Sen. Cantwell: Which is what I think DOD was requesting of us, and why they supported the legislation. But Mr. Clark, back to this work, hard work, like AMBIT and CBRS. How do we go forward here with those ideas? Because in the one case, it's Navy spectrum, right? And we hear a lot of great things about this, but there are paths forward. But do we have to test bed? What is it that we have to do to get this right? And how do we do, as Mr. Pearl is suggesting, this more collaborative effort on the innovation that the private sector can drive?

Byran Clark: There's a lot of new modeling simulation tools and obviously test bedding these capabilities is going to be really important. So there is a path forward to be able to identify the opportunities for spectrum sharing, but physics comes into it also because certain parts of the spectrum just aren't going to lend themselves to things like missile defense or to electronic warfare.
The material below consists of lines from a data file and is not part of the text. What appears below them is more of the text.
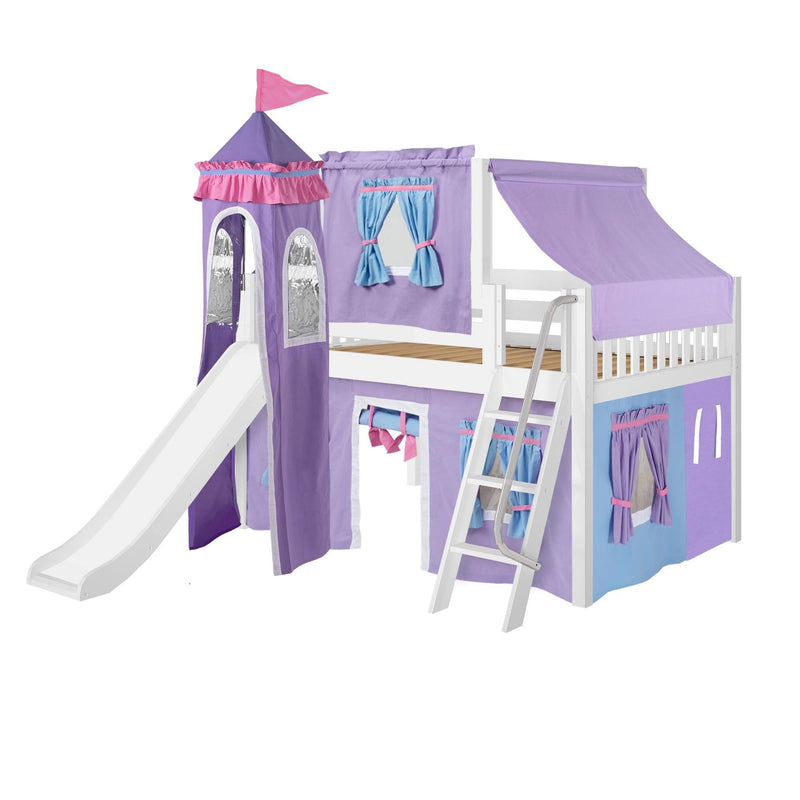 Maxtrix Full Low Loft Bed with Angled Ladder, Curtain, Top Tent, Tower + Slide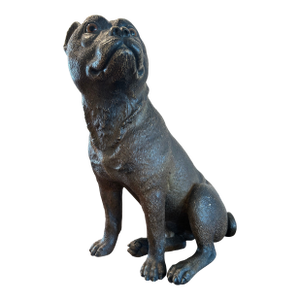 Large Vintage Staffordshire Terrier–Style Seated Dog Sculpture – 20” H – Bronzed Finish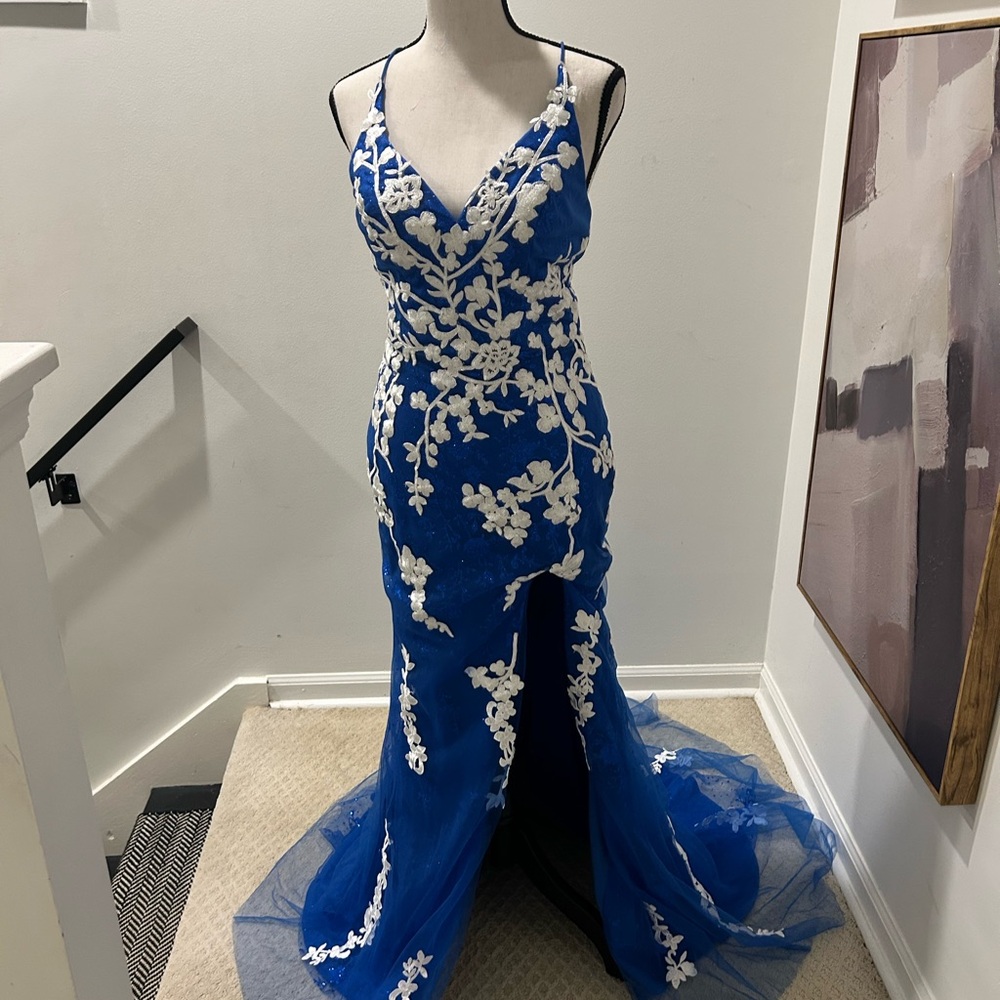 Blue and White Floral Gown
I have to jam an opponent where his system operates. So we'll be limited by physics and being able to just maneuver anywhere in the spectrum to avoid the commercial users. But within those spaces where we can use the spectrum effectively in the military, we need to figure out if there's a way we can co-exist or share.

Sen. Cantwell: Yeah, and the Chinese just falsely kick them out, right? They just control everything. I mean, I guess you could have that hierarchy. We don't want that hierarchy.

Byran Clark: China’s approach to spectrum management is they have PLA personnel embedded inside the radio management centers and in industry who then maneuver the commercial users out of the spectrum whenever the military wants to conduct routine training operations, development, testing-

Sen. Cantwell: That’s our competitor, and that's why we have to beat them, and so we have to figure out how to take care of this defense issue. Thank you, Mr. Chairman. Thank you.